MOL Group said it aims to be in the “top 25%” in the refinery business across Europe.
The Hungarian company, which has seen a boom in its downstream production amid the oil price decline, saw the creation of its Danube refinery 50 years ago.
During that time like much of Eastern European the country was under a socialist regime.
In the final part of Energy Voice’s week-long series from Budapest, we look at how the company’s refinery business has gone from strength to strength.
Zsolt Petho, downstream director for MOL Hungary, said: “We don’t want to be better than refineries in America, we don’t want to be better than a refinery in India – we want to be in the top 25% in Europe.

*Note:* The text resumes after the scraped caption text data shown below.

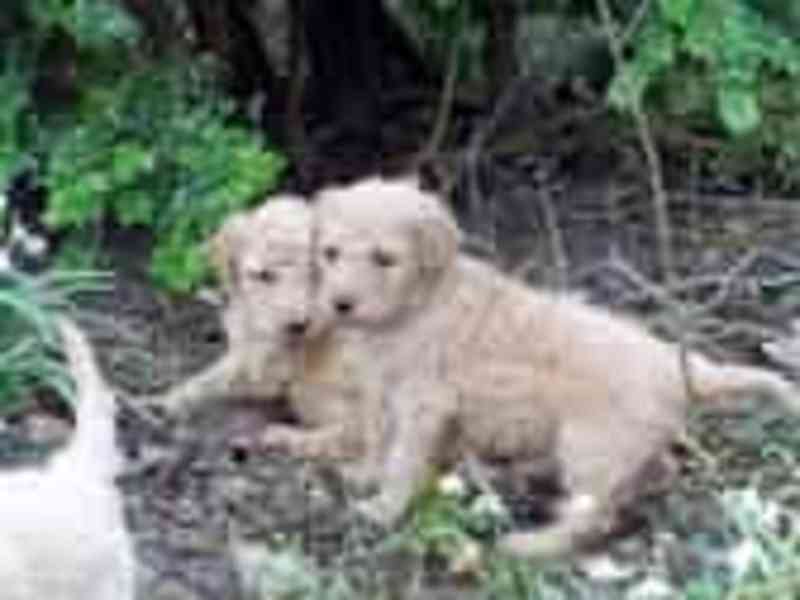 Zlatý retriever šteniatka s PP. - foto 2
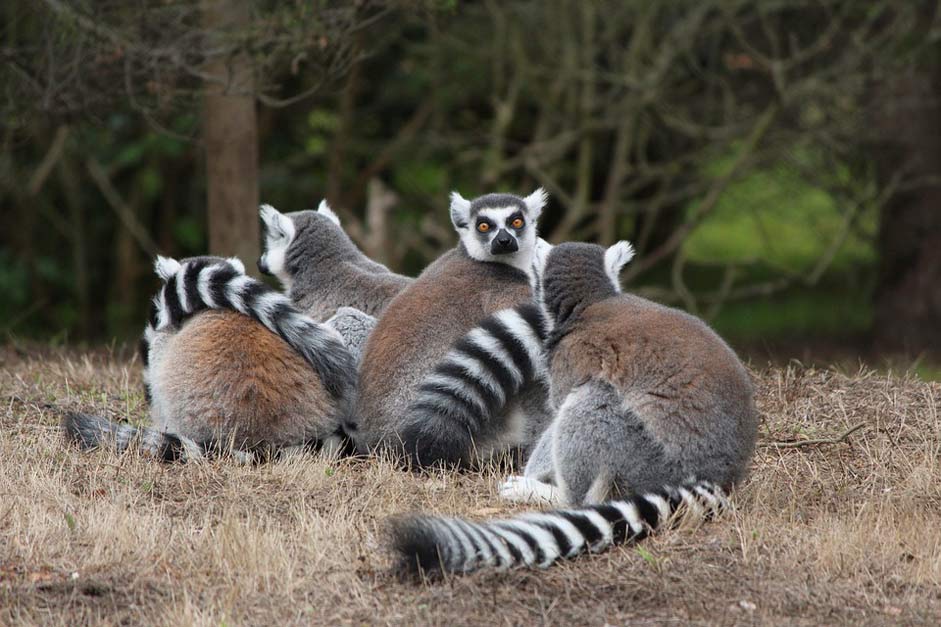 Wild Animal Ring-Tailed Lemur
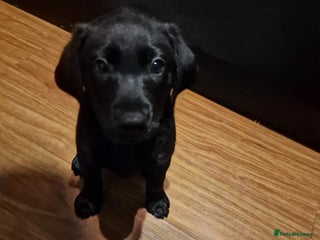 Labrador Retriever dogs 1 black male Labrador puppy left - Advert 8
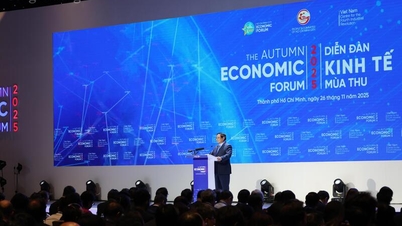 Осінній економічний форум: міст для просування зеленої трансформації в цифрову епоху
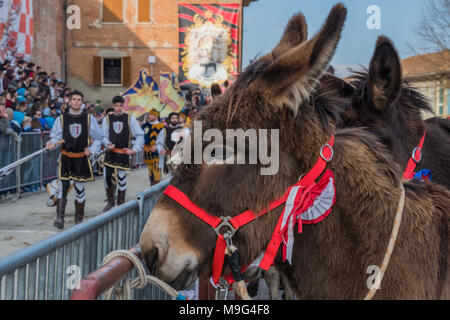 Torrita di Siena, Italia. 25 Mar, 2018. Un asino osserva il passaggio del corteo storico su Marzo 25, 2018 a Torrita di Siena, Credito: risveglio Agenzia fotografica/Alamy Live News Foto Stock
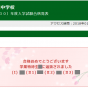 合格発表形式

“We inherited this refinery from the socialist regime, and since then we’ve put in not just financial effort, but a lot of human effort too.”

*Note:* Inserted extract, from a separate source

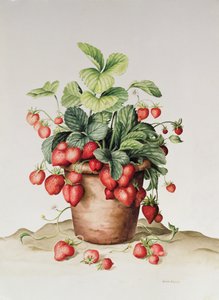 Erdbeeren im Topf, 1998 von Amelia Kleiser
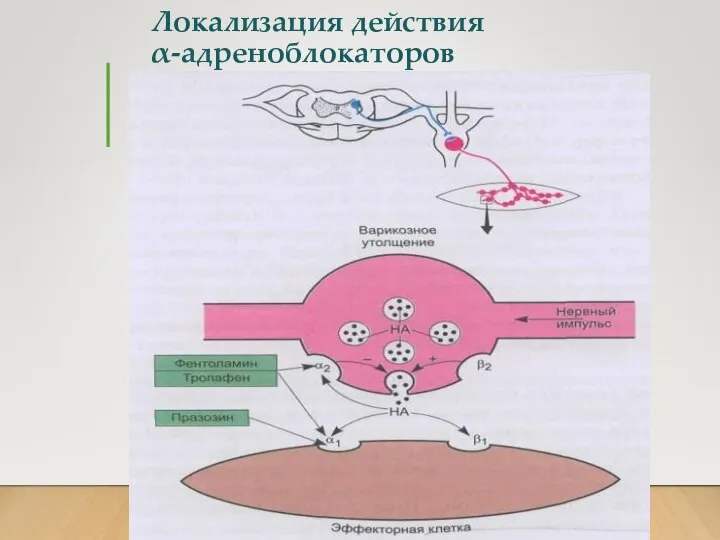 Локализация действия α-адреноблокаторов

The Danube refinery is located at Százhalombatta near Budapest and employs about 1,200 people.
Its prominence in the region has seen generations of fathers and sons working at the refinery since its inception.
The refinery has a capacity of 165 000 bpd (8.1 mtpa) of crude oil.
It is one of the largest refineries in Central Eastern Europe (CEE) region.
The facility has 54 major process plants and is flexible in the processing of crudes from Russia through Friendship pipeline, and alternative crude oils through Adria pipeline.
Earlier this week David Pullan,group downstream development senior vice president for the company, said the downstream side of the business had seen “very good” results.
MOL’s main refinery operations are in Croatia, Hungary and Slovakia with its footprint extending into the greater central European areas of Austria, the Czech Republic, Poland, Romania, Bosnia and Serbia.
Pullan says the secret to MOL’s overall success in recent years, and despite the low oil price, is down to its integrated model in both its upstream and downstream business.